→ Dataset excerpts
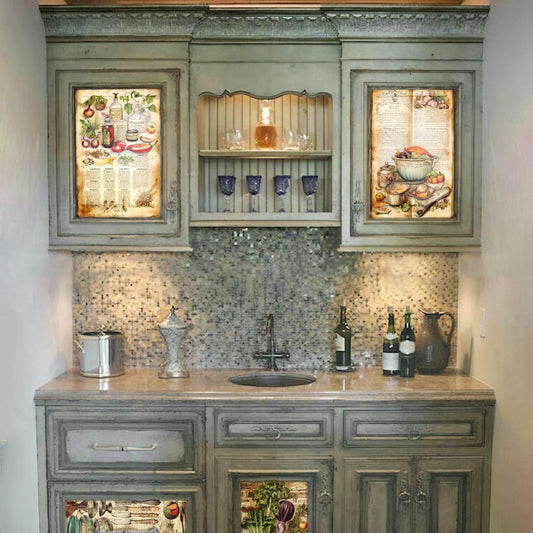 Kitchen Decoupage A3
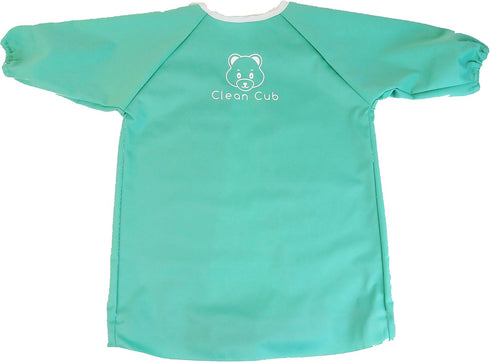 12 Months+ Baby Led Weaning Long Sleeve Apron Bib with Suction Cups, Waterproof & Washable
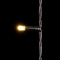 Светодиодная гирлянда с колпачком 100 теплых белых LED ламп 10 м., 24В., черный провод ПВХ, IP65, Beauty Led (PST100CAP-11-1WW)
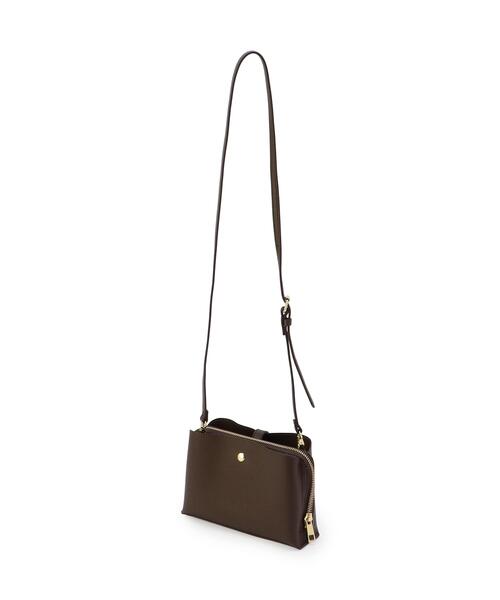 NATURAL BEAUTY BASIC（ナチュラルビューティーベーシック）の「ライトウォレットショルダー（ショルダーバッグ・レディース・レッド/ブラック/イエロー/ダークブラウン・-）」の16枚目の写真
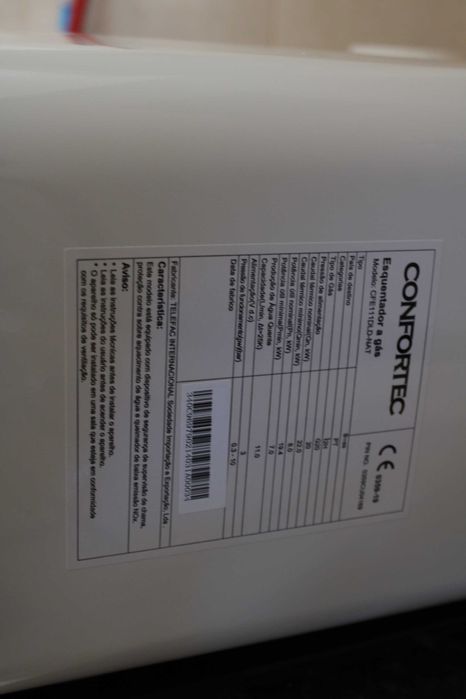 Esquentador Confortec a Gás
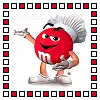 red m&m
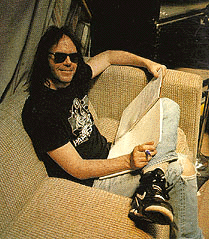 Neil relaxing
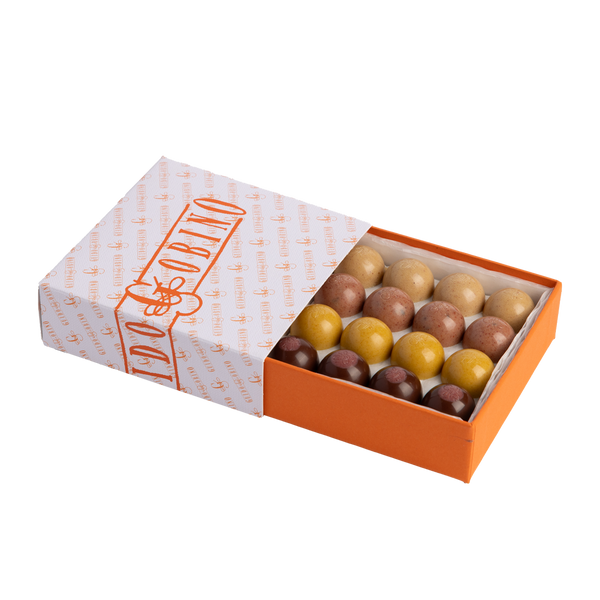 Guido Gobino - Fruit-Flavored Semispheres Box 110g (Pre-Order)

→ What is needed
Copy out the entries verbatim, but skip every picture.

→ Exercise solution
 Kitchen Decoupage A3
 12 Months+ Baby Led Weaning Long Sleeve Apron Bib with Suction Cups, Waterproof & Washable
 Светодиодная гирлянда с колпачком 100 теплых белых LED ламп 10 м., 24В., черный провод ПВХ, IP65, Beauty Led (PST100CAP-11-1WW)
 NATURAL BEAUTY BASIC（ナチュラルビューティーベーシック）の「ライトウォレットショルダー（ショルダーバッグ・レディース・レッド/ブラック/イエロー/ダークブラウン・-）」の16枚目の写真
 Esquentador Confortec a Gás
 red m&m
 Neil relaxing
 Guido Gobino - Fruit-Flavored Semispheres Box 110g (Pre-Order)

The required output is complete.